Я рассказывал, что упал в обморок и лежал, как мертвый. Это было странно, так как я уже далеко зашел по пути познания и осознавал древность и универсальность суеверий, всегда проявляющихся в определенном историческом метаболизме. Мой ум стремился к точному. В то время как Йокайя верят, что не существует ничего, кроме знания, вещи же являются только его формами, а Медхимук считают, что и знание, и вещи являются солнцем, или ничем[40], и что само Все — лишь призрачный покров, наполовину скрывающий вечное Сияние, я, признавая стройность этих синтезов догм, обязан признаться, что духовные склонности вели меня в другую сторону, к полной вере в материю и в истинность чувств. Поэтому я все более и более тяготел к мысли, что никакое жизненное явление не может быть истолковано иначе, как посредством «естественных» по сути своей фактов. И все-таки эта история, отголосок старого и исчезнувшего мира, разодрала мою душу, подобно завесе. Я даже не стану пытаться изъяснить эту тайну. Вот секрет, слишком темный — слишком темный — для речи. Народы далекого Запада толкуют о Божестве, которое вечно страдает, страдает и страдает — как будто лопающийся мозг человека в силах осознать эту мысль и жить!
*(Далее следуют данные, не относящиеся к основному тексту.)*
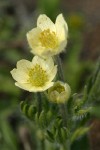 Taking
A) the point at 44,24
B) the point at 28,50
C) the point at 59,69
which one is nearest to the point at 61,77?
the point at 59,69

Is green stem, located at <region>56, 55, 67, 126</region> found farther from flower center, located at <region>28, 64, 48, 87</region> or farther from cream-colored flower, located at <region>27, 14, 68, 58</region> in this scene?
flower center, located at <region>28, 64, 48, 87</region>

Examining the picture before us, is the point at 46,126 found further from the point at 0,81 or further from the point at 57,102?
the point at 0,81

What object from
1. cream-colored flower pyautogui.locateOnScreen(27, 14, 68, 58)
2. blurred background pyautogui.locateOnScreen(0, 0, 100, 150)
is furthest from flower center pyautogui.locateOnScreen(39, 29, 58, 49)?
blurred background pyautogui.locateOnScreen(0, 0, 100, 150)

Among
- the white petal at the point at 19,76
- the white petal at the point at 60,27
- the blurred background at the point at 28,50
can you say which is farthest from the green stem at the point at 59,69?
the blurred background at the point at 28,50

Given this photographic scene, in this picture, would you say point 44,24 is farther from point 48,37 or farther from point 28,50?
point 28,50

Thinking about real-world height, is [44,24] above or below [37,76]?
above

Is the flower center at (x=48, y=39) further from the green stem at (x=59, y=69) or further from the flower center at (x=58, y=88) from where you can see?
the flower center at (x=58, y=88) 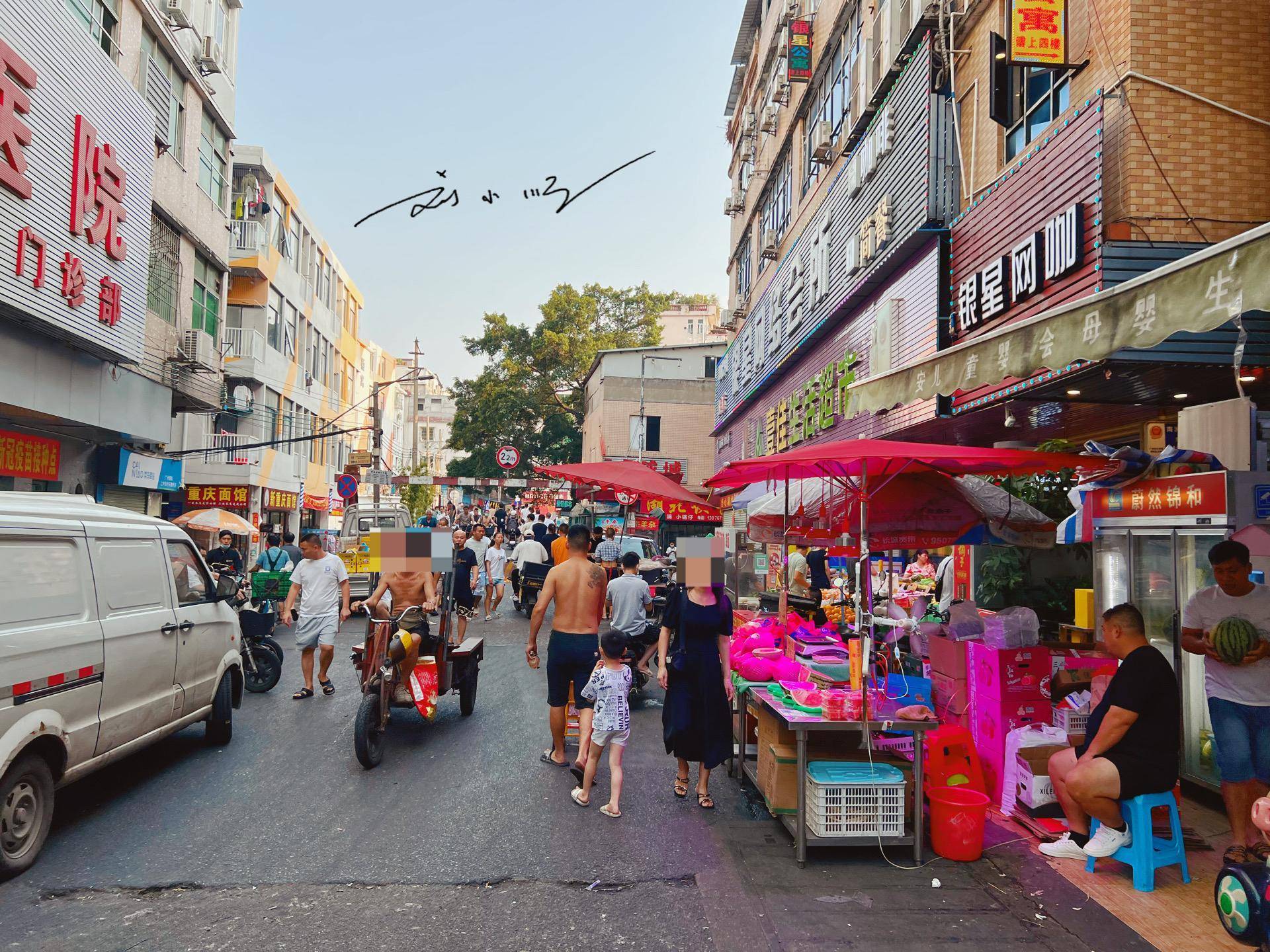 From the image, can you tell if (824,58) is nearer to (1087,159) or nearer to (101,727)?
(1087,159)

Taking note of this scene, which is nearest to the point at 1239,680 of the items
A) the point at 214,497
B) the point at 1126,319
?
the point at 1126,319

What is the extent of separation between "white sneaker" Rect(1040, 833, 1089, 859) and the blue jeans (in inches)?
38.2

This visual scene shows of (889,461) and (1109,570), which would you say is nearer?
(889,461)

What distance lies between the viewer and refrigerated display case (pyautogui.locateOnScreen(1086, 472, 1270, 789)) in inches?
239

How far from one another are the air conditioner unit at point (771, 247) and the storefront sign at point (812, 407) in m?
4.63

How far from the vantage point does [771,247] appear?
24.9 metres

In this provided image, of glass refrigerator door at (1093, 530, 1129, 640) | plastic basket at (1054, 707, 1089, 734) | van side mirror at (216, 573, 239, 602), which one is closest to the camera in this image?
plastic basket at (1054, 707, 1089, 734)

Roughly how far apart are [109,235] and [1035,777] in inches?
648

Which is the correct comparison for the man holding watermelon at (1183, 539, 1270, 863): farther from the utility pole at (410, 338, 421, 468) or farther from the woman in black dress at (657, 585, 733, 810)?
the utility pole at (410, 338, 421, 468)

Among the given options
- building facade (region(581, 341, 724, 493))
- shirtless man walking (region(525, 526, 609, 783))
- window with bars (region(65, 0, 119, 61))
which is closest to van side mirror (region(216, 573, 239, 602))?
shirtless man walking (region(525, 526, 609, 783))

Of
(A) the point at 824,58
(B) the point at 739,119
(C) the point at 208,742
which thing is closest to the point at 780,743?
(C) the point at 208,742

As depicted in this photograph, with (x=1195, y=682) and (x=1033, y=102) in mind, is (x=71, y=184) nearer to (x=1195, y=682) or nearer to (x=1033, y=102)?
(x=1033, y=102)

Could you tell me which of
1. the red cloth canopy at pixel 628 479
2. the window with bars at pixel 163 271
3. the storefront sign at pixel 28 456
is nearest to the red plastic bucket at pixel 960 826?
the red cloth canopy at pixel 628 479

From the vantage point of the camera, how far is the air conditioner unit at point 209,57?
822 inches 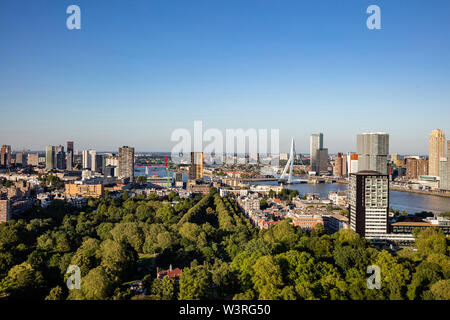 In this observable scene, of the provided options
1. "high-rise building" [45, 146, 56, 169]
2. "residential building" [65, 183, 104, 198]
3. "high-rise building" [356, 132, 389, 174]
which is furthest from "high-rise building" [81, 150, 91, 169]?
"high-rise building" [356, 132, 389, 174]

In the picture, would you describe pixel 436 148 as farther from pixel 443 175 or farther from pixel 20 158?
pixel 20 158

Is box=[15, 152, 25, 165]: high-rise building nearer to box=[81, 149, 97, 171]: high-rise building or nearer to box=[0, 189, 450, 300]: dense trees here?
box=[81, 149, 97, 171]: high-rise building

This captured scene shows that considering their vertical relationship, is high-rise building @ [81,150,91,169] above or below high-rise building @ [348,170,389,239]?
above

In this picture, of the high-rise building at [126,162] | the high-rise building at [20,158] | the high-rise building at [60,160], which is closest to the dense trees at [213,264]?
the high-rise building at [126,162]

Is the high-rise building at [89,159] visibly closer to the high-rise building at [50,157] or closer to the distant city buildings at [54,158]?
the distant city buildings at [54,158]

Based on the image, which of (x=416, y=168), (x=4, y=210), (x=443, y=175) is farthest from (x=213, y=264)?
(x=416, y=168)

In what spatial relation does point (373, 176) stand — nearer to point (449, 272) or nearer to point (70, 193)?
point (449, 272) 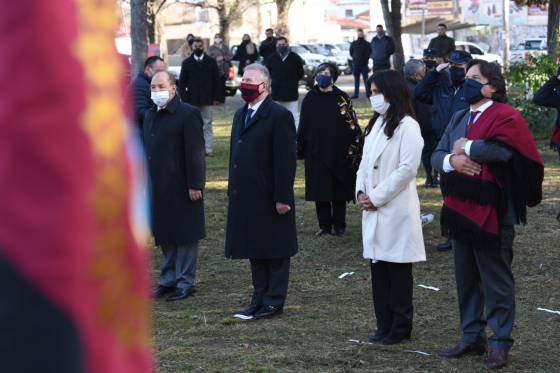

Желтый брамин, с другой стороны, бреет голову и с легким сердцем, полным лукавства, обсуждает ленивого Бримму, всеведущего, но окутанного инертностью, как мантией. Я же ничего не скажу. Это предмет, источающий ужас. В одной доктрине, по крайней мере, видится безопасность; в другой — если ее применить — безумие вечное. Потому не следует понимать все так, будто я придерживаюсь этой второй: кто поверит, если я скажу, что тайной воздействия, которое произвела на меня история Обала, была память? Не сочли бы мои слова бредом безумца, если бы я стал это утверждать — смутно, но убежденно — окольно, но без тени сомнения — ах! в том, что касается этой тайны, да зажмет молчание своей рукой губы опрометчивости!

Теперь я принялся усердно изучать род царей, правивших Лованой с незапамятных времен. Факты, с которыми я столкнулся, были поразительны. Именно тогда я впервые узнал, что Буддха, который, как и Обал, покинул свой дом, пылая страстью к мудрости, был одним из нас. Я обнаружил, что все пятьдесят царей по прямой линии достигли возраста, далеко превосходящего обычный срок человеческой жизни; что более половины взяли в жены не индуисток, а веривших в Зенд-Авесту, последовательниц Зороастра, огнепоклонниц; что по меньшей мере десять из них покинули свое царство и скитались по Азии в бедности и безвестности, гонимые преступной страстью нашего рода к каббале познания; что не менее двадцати пяти — среди них и мой предшественник — встретили свою смерть от укусов ядовитых змей; что все они были женаты; и что смерть ни одного из них не предшествовала по времени смерти его супруги.

Когда я понял зловещий смысл всего этого, я в полутемной комнате, которую сделал своей обителью, пал лицом ниц и поклялся в сердце своем тремя клятвами, призвав в свидетели все силы Вселенной: я преуменьшу и, если будет необходимо, вовсе погашу горящую во мне жажду познания; я никогда и ни с какой целью не покину свою землю и этот дом; никакая дщерь человеческая никогда не станет моей женой.

Я призвал своего девана и двух других государственных мужей и повелел им издать указ, обещавший десять рупий серебром в награду за убийство каждой из змей в моих владениях.

— Ваш отец издал такой же указ, — сказал главный министр.

Я вздрогнул.

— И, — сказал другой, — единственным видимым последствием было невероятное увеличение числа змей в округе.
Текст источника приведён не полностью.